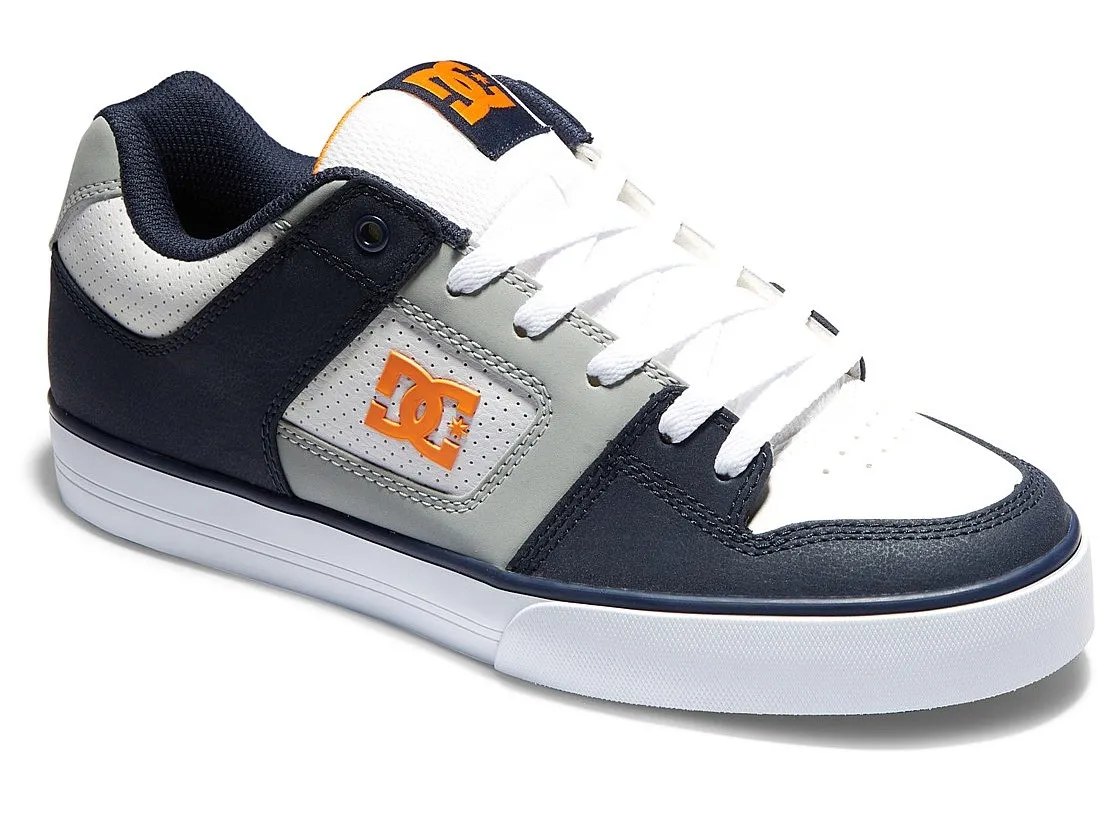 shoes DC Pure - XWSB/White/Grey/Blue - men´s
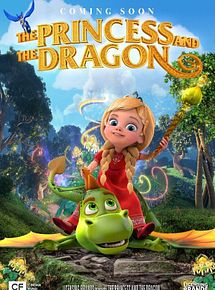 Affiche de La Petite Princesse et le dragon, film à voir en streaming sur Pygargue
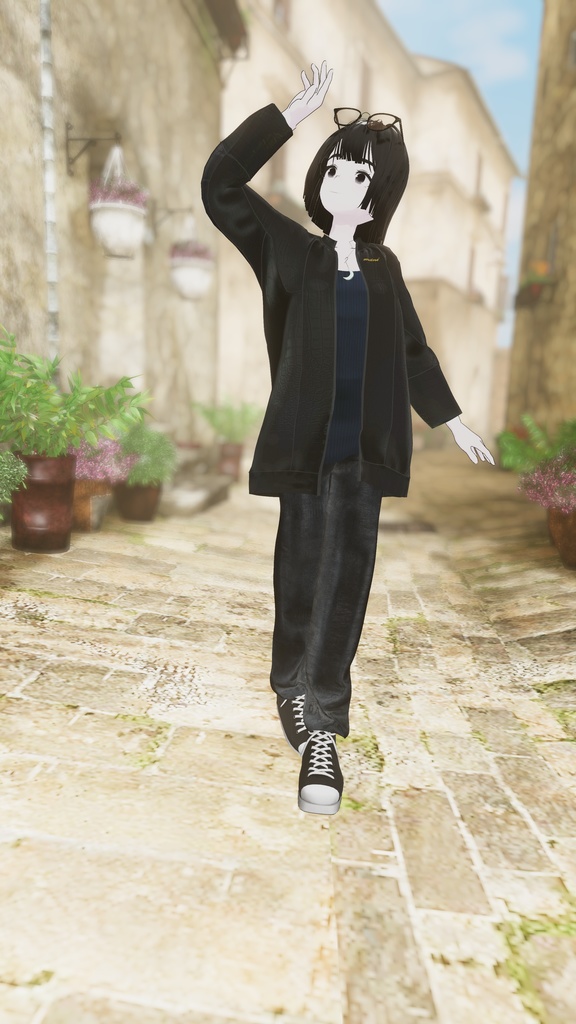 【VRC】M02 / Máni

——————

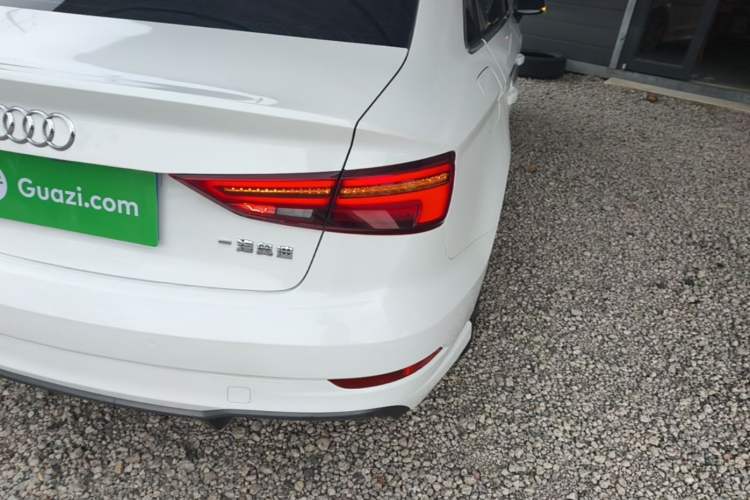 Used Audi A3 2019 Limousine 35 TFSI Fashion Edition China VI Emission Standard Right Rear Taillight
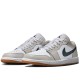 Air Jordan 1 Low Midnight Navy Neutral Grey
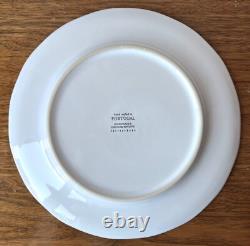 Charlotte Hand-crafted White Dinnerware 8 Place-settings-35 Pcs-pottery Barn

——————

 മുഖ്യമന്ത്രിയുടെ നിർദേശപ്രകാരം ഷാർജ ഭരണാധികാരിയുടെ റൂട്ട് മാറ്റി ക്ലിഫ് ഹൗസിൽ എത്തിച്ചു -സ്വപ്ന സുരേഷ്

——————

What to do = In the records above, copy exactly everything from the line that has "Used Audi A3" down to the line that has "Charlotte Hand-crafted White", both ends included, and leave out the pictures.

Output =
 Used Audi A3 2019 Limousine 35 TFSI Fashion Edition China VI Emission Standard Right Rear Taillight
 Air Jordan 1 Low Midnight Navy Neutral Grey
 Charlotte Hand-crafted White Dinnerware 8 Place-settings-35 Pcs-pottery Barn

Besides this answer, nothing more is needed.